>>>>

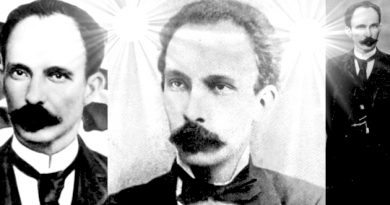 “El sentido de la justicia constituye la piedra angular del pensamiento y la acción revolucionaria de José Martí (…)”. / Foto: Diseño y Montaje de la autora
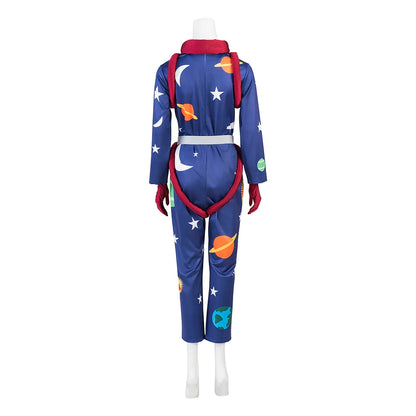 Magic School Bus Ms.Frizzle Cosplay Space Jumpsuit Women Novelty 3D Printed Galaxy Space Bodysuit Halloween Teacher Rompers Suit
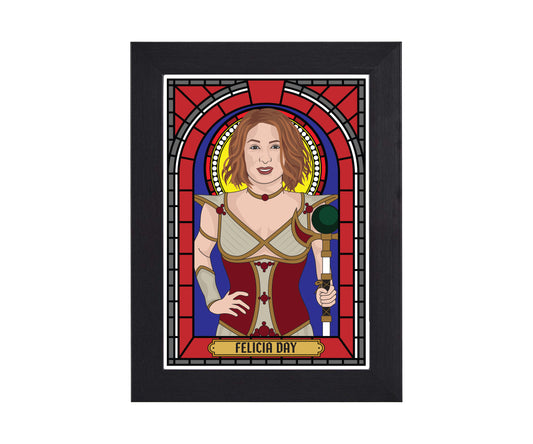 Felicia Day Codex The Guild Illustrated Saint Print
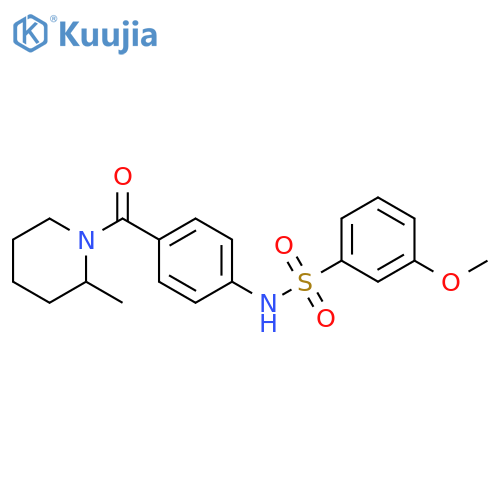 3-methoxy-N-4-(2-methylpiperidine-1-carbonyl)phenylbenzene-1-sulfonamide structure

<<<<

• Instructions for the task:
Transcribe exactly the lines from the one holding "Felicia Day Codex" through the final line of the material above, both ends included; any pictures should be dropped.

• Solution for this task:
 Felicia Day Codex The Guild Illustrated Saint Print
 3-methoxy-N-4-(2-methylpiperidine-1-carbonyl)phenylbenzene-1-sulfonamide structure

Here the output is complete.